__Work instruction__: Reproduce exactly the lines beginning with the line that contains "Hollandsk Kooikerhondje hvalpe" and ending at the final line of the material below.

__Stored data__:
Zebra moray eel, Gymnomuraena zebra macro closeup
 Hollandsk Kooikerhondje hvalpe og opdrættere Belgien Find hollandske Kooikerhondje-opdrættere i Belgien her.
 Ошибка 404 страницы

__Problem solution__:
 Hollandsk Kooikerhondje hvalpe og opdrættere Belgien Find hollandske Kooikerhondje-opdrættere i Belgien her.
 Ошибка 404 страницы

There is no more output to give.